Такой комплимент не мог не понравиться Нурееву. Потому что всю свою жизнь он боролся за право мужчин танцевать, как женщина. «Я всегда думал, — говорил Рудольф в 1978 году, — что я обладаю достаточной техникой, достаточной чувственностью и уязвимостью, чтобы заставить мое тело говорить столь же красноречиво, как женщина. Я был уверен, что мужчина тоже может быть столь же экспрессивным и рафинированным и при этом не казаться нелепым. И я это доказал»{152}.

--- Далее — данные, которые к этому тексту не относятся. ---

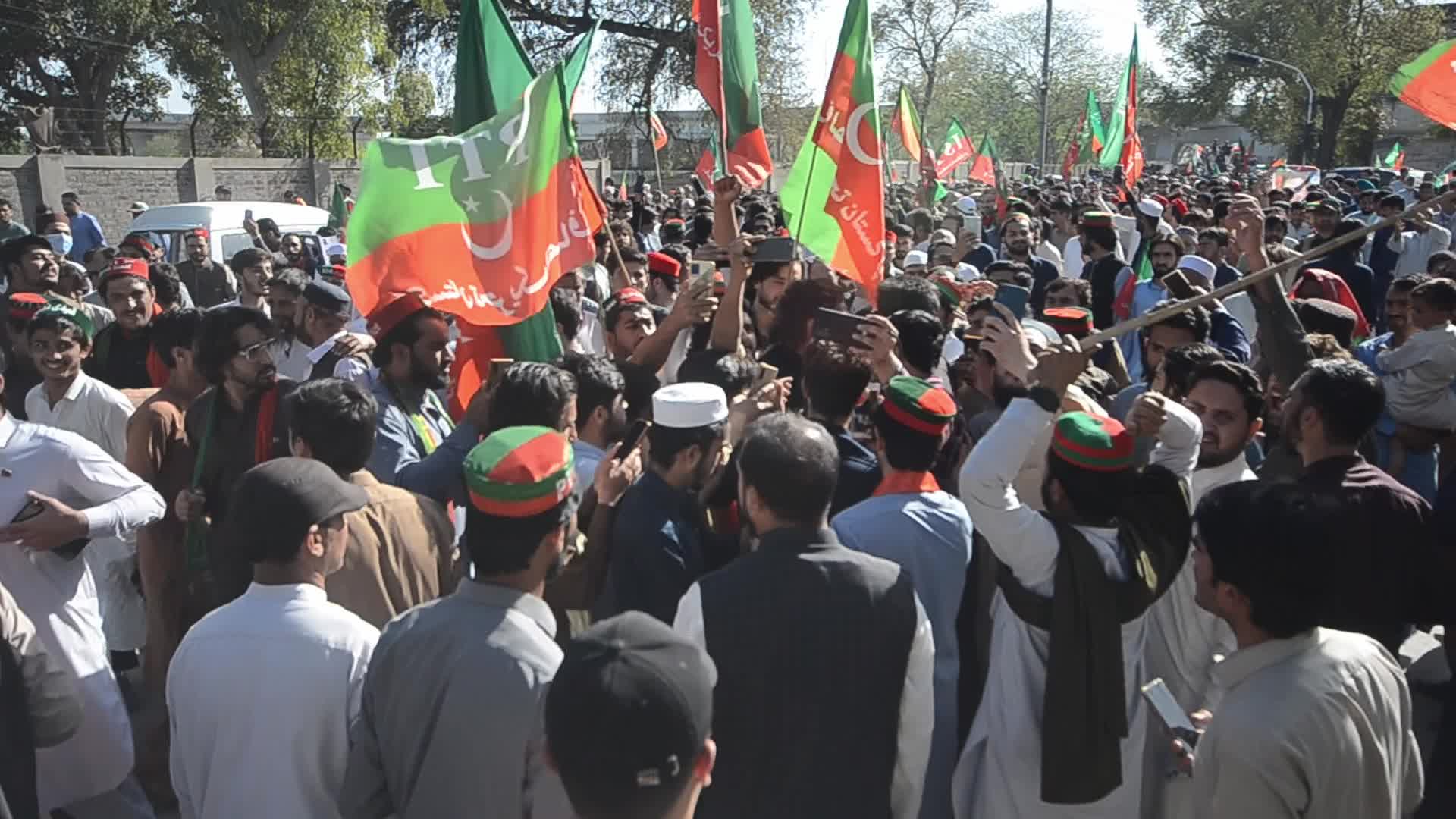 Pakistan Tehrik-e-Insaf party rally in solidarity with judicial independence in Peshawar 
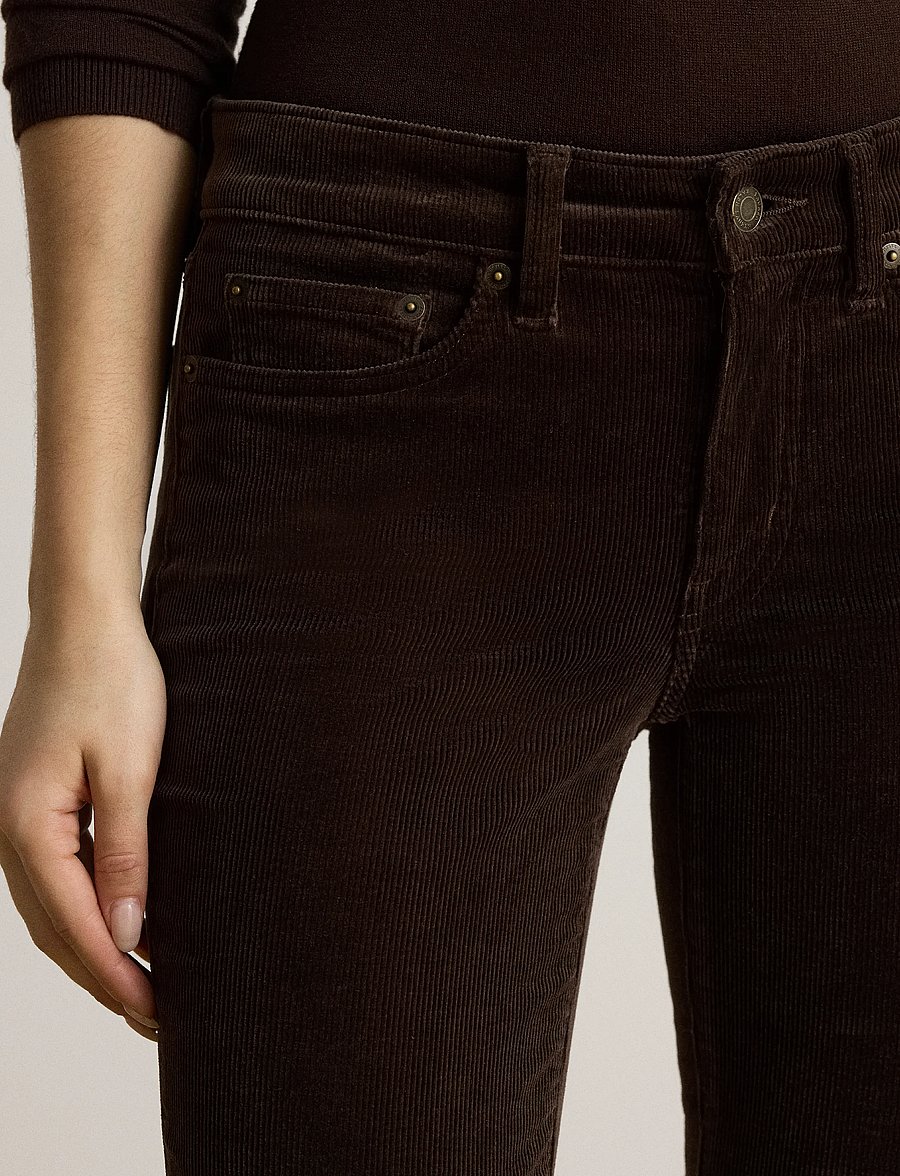 Lauren Ralph Lauren - Mid-Rise Corduroy Slim Straight Pant - kitsad püksid - circuit brown - 3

Действительно, Нуреев развивал «флюидность» тела, стремился к мягкой постановке рук, был склонен к замедлениям, что обычно свойственно технике балерин. В Кировском, напомню, он танцевал на очень высоких полупуантах (чего не делал ни один мужчина) и высоко поднимал ногу в арабесках, что для мужчин считалось неприличным. Одновременно Рудольф обладал всем, что требовалось от танцовщика: мощью в прыжках, силой в поддержках. Нуреев-танцовщик, умевший все, полумужчина-полуженщина, был абсолютно самодостаточен. Он феминизировал танец, как считают некоторые, и на спектакле вполне мог бы заменить партнершу. Правда, находились и такие, кто принимал это за отсутствие элегантности.

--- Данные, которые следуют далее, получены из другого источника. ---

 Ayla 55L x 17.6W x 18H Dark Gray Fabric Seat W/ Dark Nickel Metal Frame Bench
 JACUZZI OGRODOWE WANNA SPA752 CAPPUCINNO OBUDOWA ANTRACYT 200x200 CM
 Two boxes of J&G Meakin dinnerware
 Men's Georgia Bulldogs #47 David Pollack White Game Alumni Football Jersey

Публика достаточно скоро привыкла к его чувственности и его андрогинности. Эти качества также были немалой составляющей его успеха, потому что оказались очень своевременны в эпоху сексуальной раскрепощенности. Они привлекали и интриговали как мужчин, так и женщин, как молодых, так и старых, людей с традиционной и нетрадиционной ориентацией.

В 1961 году можно было прочитать, что «у Нуреева женственные руки, которым недостает мужественности»{153}. Через десять лет такой аргумент показался бы смешным. Нуреев заставил всех считаться с его эстетикой, и новое поколение танцовщиков почувствовало вкус к тому, чтобы танцевать так, как им хочется, без нарочитой демонстрации мужских качеств. Кристофер Гейбл, соперник Нуреева в Королевском балете, позже признался: «Рудольф позволил нам взлететь над условностями. Танцовщики моего поколения были на сцене абсолютно бесцветными. Нуреев же двигался с таким лиризмом, какого не смел проявить ни один английский артист-мужчина. У него были очень романтические руки, он не боялся проявить в движениях нежность, тогда как нормой были мужественные танцовщики. С ним вдруг стало понятно, что нет никакой нужды демонстрировать свою мужественность. Необходимость говорить „Смотрите же, я мужчина!“ отпала сама собой»{154}.

В Кировском театре борьба Нуреева за феминизацию танцовщиков-мужчин, за право использовать язык танца для максимально полного раскрытия образа не увенчалась успехом. Нуреев вызвал насмешки, когда захотел выучить женские вариации. Но для него понимание женского танца было очевидной необходимостью. «Я никогда не пропускал спектакли Кировского с участием Натальи Дудинской или Аллы Шелест, — говорил он в 1962 году. — Мужской танец в России был очень грубым. Никто и представить не мог, что можно быть лиричным, что мужчина может исполнять женские па. А я делал это»{155}.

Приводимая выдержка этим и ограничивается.